From what Gess remembers, Garimella signed off on it but took no action. 

Having to write a resolution in the first place is disappointing, Gess said.  

“The students shouldn’t have to be writing this for the administration,” he said. “The administration should realize this is a problem.”

UVM students have limited influence to begin with. While SGA resolutions reflect student opinion and can urge the administration to act, they are not obligatory.  

“There is no binding power with SGA passing resolutions,” Coppola said.  

On Town Meeting Day, March 2, Burlington voters passed a charter change allowing the city council to regulate thermal energy systems in residential and commercial buildings, giving Burlington City Council the power to hold UVM accountable.

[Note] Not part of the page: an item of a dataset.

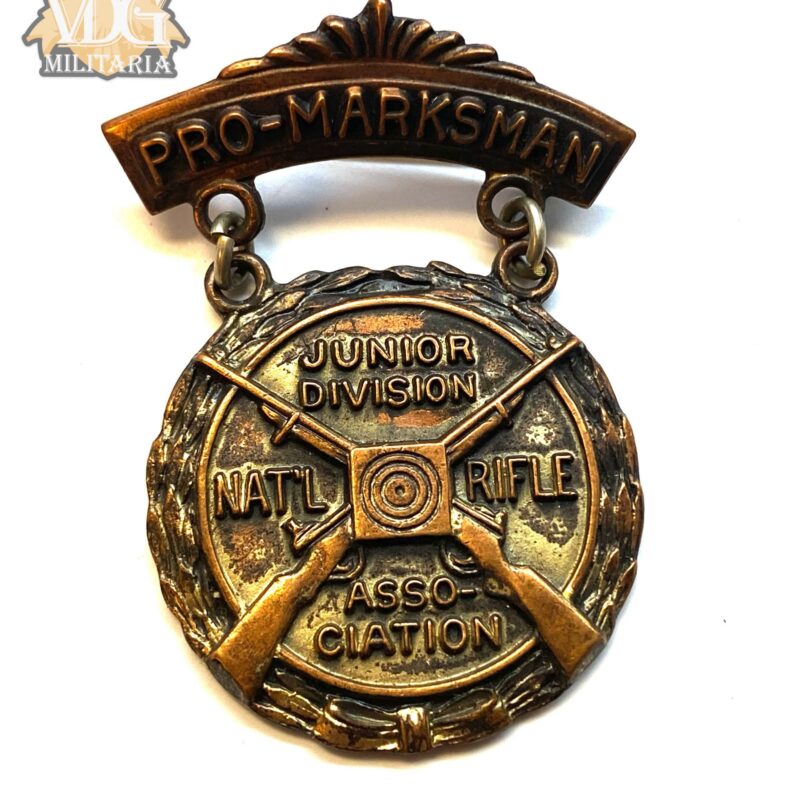 US National Rifle Association Junior Division Pro-Marksman Badge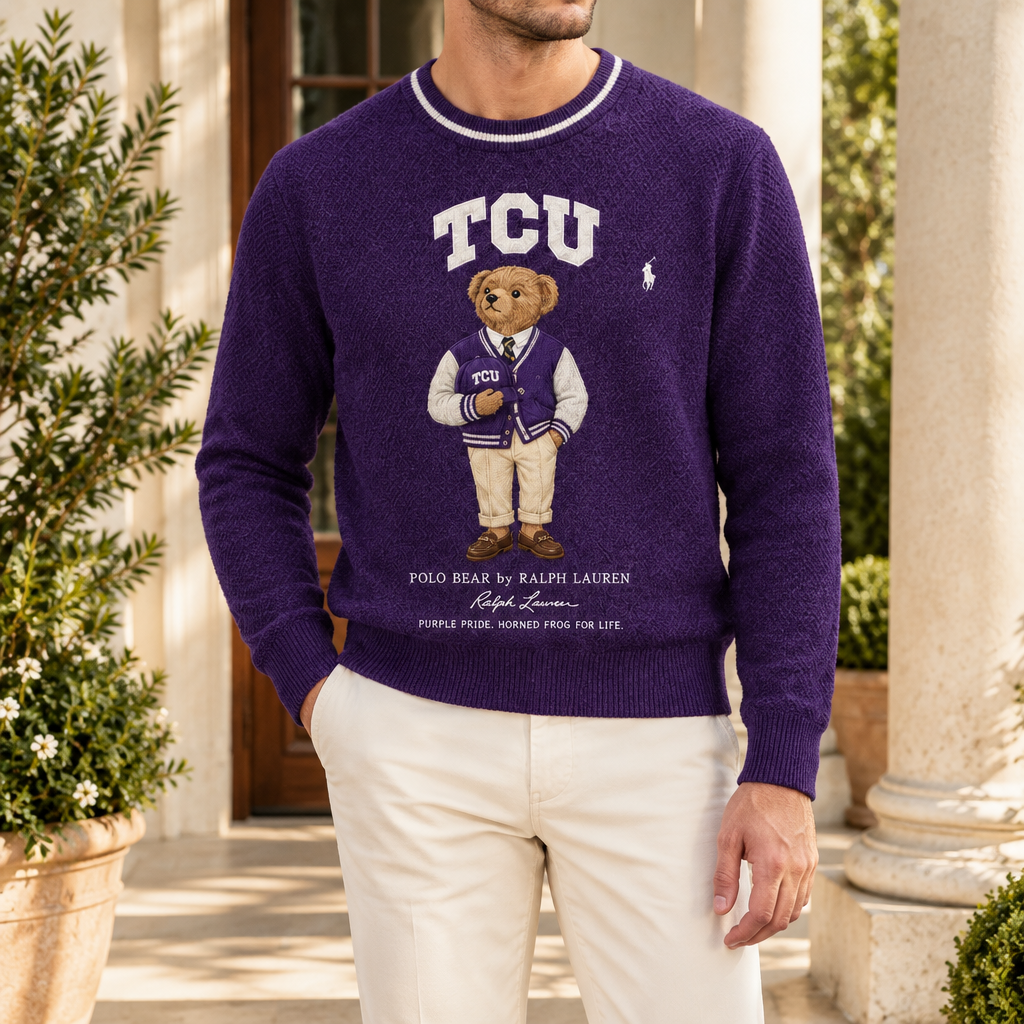 TCU Horned Frogs Premium Crewneck Sweater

If the charter change is passed by the state legislature and signed off by Governor Phil Scott, UVM will no longer have complete autonomy in thermal energy production.

“We’re moving this way regardless and we’re going to create policies to move this way,” Hanson said.

The Central Heating and Cooling Plant April 6. The plant was first approved by the UVM board of trustees in 1969 and in 2007 it became home to the first two steam-driven coolers in Vermont. (Eric Scharf)

Regardless of disaffection among students, the University is comparably better than most institutions when it comes to climate change.  

UVM received its third successive Gold sustainability rating by STARS in 2020, according to UVM’s website.  STARS collects climate data from colleges every three years and sorts them into Platinum, Gold, Silver and Bronze categories.  

UVM was also one of the first universities in the country to end bottled water sales in 2013 and has an ongoing relationship with multiple power companies to establish solar energy projects on and off-campus, Corredera stated in a March 30 email to the Cynic.

UVM has also invested heavily in climate research. In 2007, UVM created the Clean Energy Fund, now called the Sustainable Campus Fund, which has raised $225,000 per year, replenished by a $10 per student fee according to UVM’s website.  

The fund “supports students’ vision of enhancing a culture of sustainability, innovation and research on campus,” according to UVM’s website.

UVM also launched the Gund Institute for Environment in 2017 to “accelerate transdisciplinary environmental research at UVM, engage with leaders in government and business, and develop real-world solutions to urgent global issues,” Corredera stated in a March 30 email.

“There’s plenty of things to be proud of,” Hanson said. 

Hanson said now more than ever, action is needed.

“We are talking about the climate crisis here,” Hanson said. “This is where the rubber hits the road.”